## MATERIALS PROVIDED:
=== Section Start ===

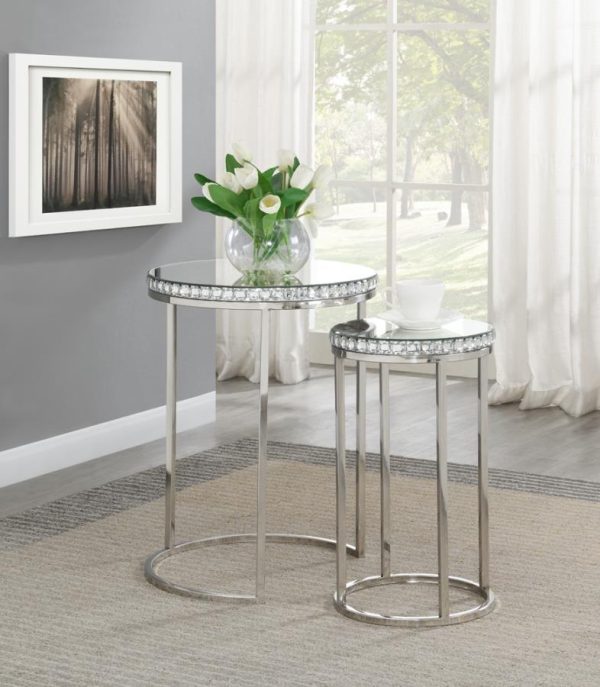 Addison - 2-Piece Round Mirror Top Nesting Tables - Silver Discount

=== Section End ===
=== Section Start ===

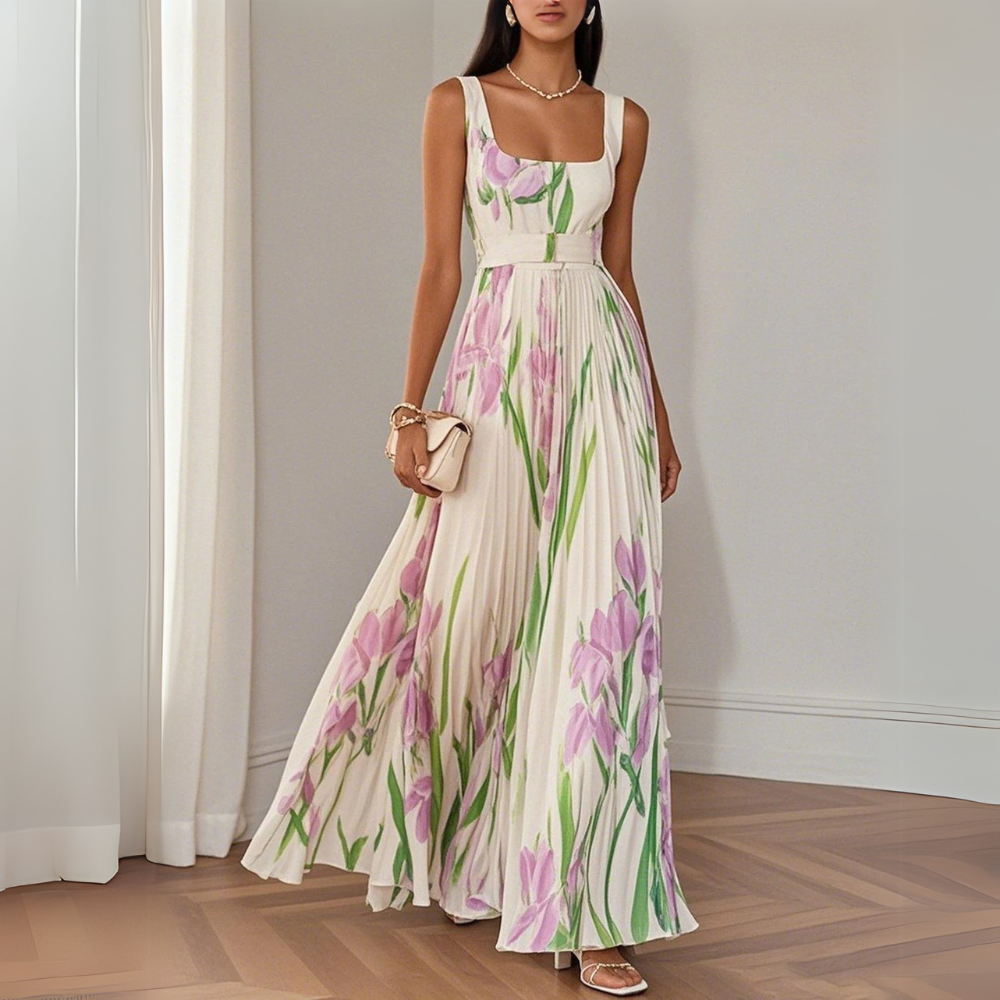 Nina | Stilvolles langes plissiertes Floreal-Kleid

=== Section End ===
=== Section Start ===

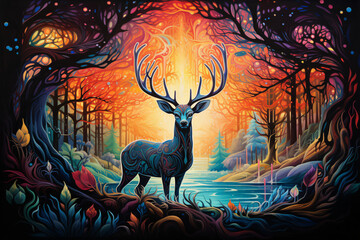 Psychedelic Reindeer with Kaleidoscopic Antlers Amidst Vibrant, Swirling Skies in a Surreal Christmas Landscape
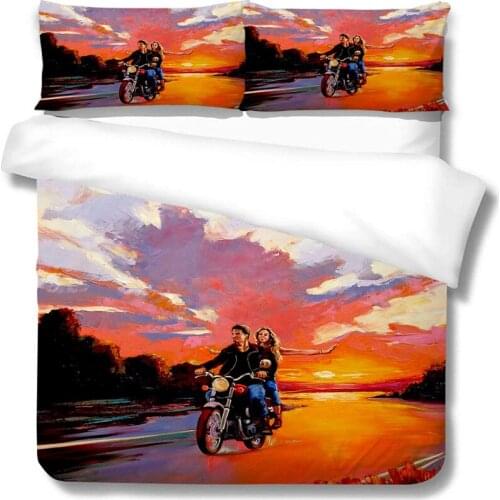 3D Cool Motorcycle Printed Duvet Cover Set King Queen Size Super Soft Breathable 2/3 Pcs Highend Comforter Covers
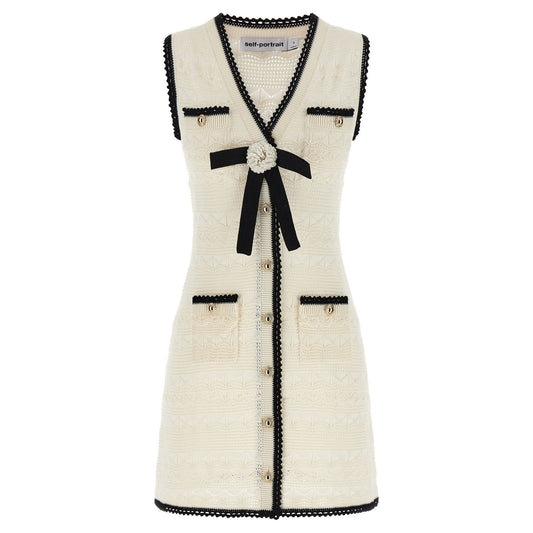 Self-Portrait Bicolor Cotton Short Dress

=== Section End ===

## EXERCISE GOAL:
The expected output is the lines above from the one containing "Psychedelic Reindeer with" to the one containing "Self-Portrait Bicolor Cotton Short Dress", both ends included, reproduced exactly with every picture left out.

## ANSWER SECTION:
 Psychedelic Reindeer with Kaleidoscopic Antlers Amidst Vibrant, Swirling Skies in a Surreal Christmas Landscape
 3D Cool Motorcycle Printed Duvet Cover Set King Queen Size Super Soft Breathable 2/3 Pcs Highend Comforter Covers
 Self-Portrait Bicolor Cotton Short Dress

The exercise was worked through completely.